Furthermore, he says the scheme may have been overshadowed by the launch of eight carbon-neutral ETFs in China in early July, which probably drew away investor attention.
Leo Chen, managing director and head of Asia at fund service provider Calastone, notes that most cross-border schemes between Hong Kong and China did not hit the ground running. Beijing then moved to gradually diversify the investment scope and product offerings, helping to divert capital flow into these schemes, including the Stock Connect.
“If the Chinese government looks at any cross-border scheme, they try to facilitate the gradual opening up of the market,” Chen tells AAM.
He expects the ETF Connect to be scaled up in future with the likely expansion of the southbound channel from the current handful. The four funds which are qualified now are the CSOP Hang Seng TECH Index ETF, iShares Hang Seng TECH ETF, Hang Seng China Enterprises Index ETF, and Tracker Fund of Hong Kong.

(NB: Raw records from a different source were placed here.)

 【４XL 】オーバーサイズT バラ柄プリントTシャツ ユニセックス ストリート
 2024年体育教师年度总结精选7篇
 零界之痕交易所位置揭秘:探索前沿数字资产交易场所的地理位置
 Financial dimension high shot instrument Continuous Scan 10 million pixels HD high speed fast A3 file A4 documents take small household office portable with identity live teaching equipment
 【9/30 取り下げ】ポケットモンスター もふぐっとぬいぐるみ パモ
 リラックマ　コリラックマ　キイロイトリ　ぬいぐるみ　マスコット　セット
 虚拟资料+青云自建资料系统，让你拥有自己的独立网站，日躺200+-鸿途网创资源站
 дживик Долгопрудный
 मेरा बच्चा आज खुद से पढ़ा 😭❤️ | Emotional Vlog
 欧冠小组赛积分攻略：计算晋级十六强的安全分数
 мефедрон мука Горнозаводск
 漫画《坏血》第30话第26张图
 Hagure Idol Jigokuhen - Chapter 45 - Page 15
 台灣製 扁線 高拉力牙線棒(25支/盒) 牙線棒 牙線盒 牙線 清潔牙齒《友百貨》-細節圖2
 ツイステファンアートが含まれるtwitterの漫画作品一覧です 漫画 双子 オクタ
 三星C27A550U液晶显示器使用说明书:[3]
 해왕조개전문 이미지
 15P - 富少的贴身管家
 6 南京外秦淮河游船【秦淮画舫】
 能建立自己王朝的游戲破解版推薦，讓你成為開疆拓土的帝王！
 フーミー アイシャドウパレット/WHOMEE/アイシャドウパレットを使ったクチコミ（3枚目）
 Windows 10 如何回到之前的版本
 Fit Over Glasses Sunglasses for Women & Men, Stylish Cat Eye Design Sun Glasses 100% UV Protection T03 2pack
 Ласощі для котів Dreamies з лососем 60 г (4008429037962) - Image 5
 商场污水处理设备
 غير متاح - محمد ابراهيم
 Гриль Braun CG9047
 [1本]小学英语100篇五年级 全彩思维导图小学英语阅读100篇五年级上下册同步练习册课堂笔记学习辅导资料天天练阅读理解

Southbound ETFs are required to have average daily assets under management of HK$1.7 billion over the past six months, and track indexes that mimic performance of Hong Kong-listed stocks.
Northbound ETFs must have daily average assets under management of 1.5 billion RMB over the past six months, and their benchmark indexes must have at least 90% of Shanghai or Shenzhen-listed companies.